- INSTRUCTIONS FOR THE TASK -
Each line of the data below between the one containing "Best Sale Montre" and the one containing "Tins CAO Flavours Bella Vanilla Cigarillos", both included, is to be repeated exactly. Please omit pictures.

(DATA PROVIDED Opens)

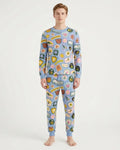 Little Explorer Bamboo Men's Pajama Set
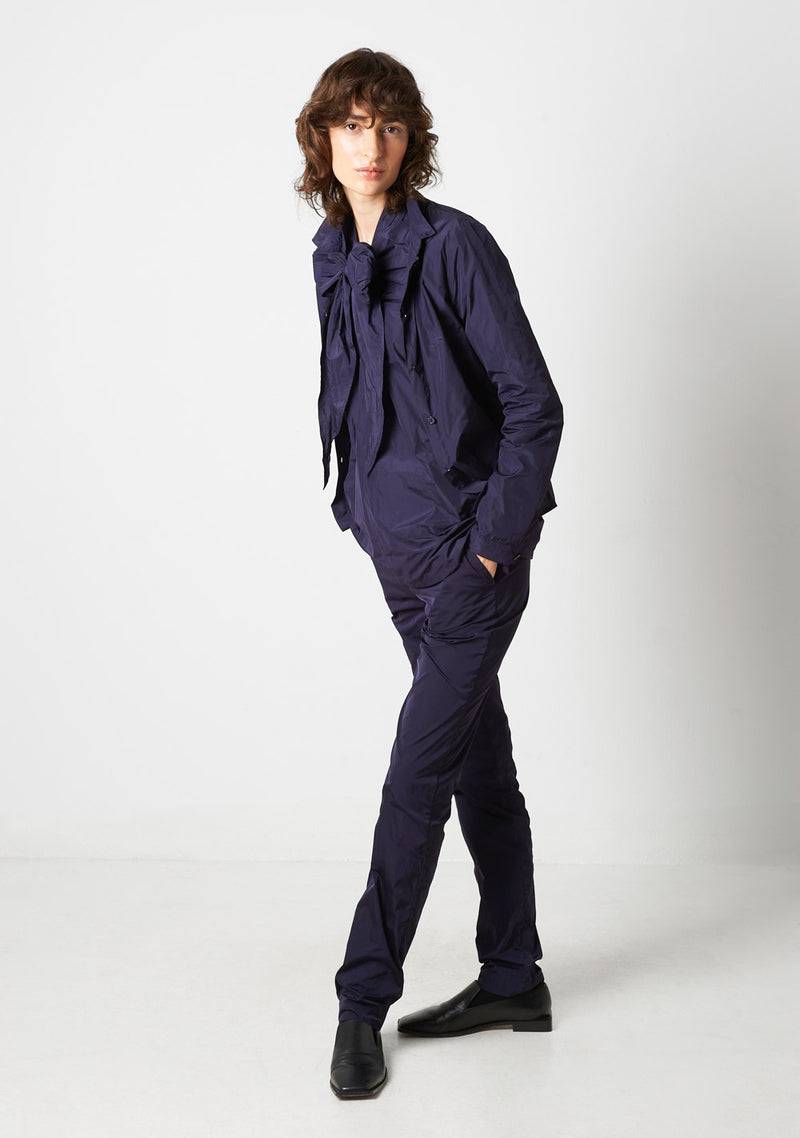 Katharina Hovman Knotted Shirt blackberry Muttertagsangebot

(DATA PROVIDED Closes)
(DATA PROVIDED Opens)

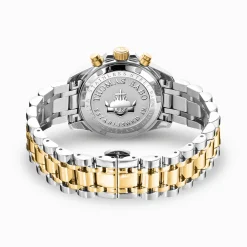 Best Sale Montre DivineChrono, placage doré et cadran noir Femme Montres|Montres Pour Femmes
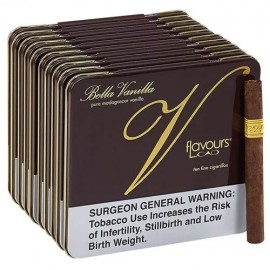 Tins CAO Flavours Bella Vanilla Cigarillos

(DATA PROVIDED Closes)

- RESPONSE -
 Best Sale Montre DivineChrono, placage doré et cadran noir Femme Montres|Montres Pour Femmes
 Tins CAO Flavours Bella Vanilla Cigarillos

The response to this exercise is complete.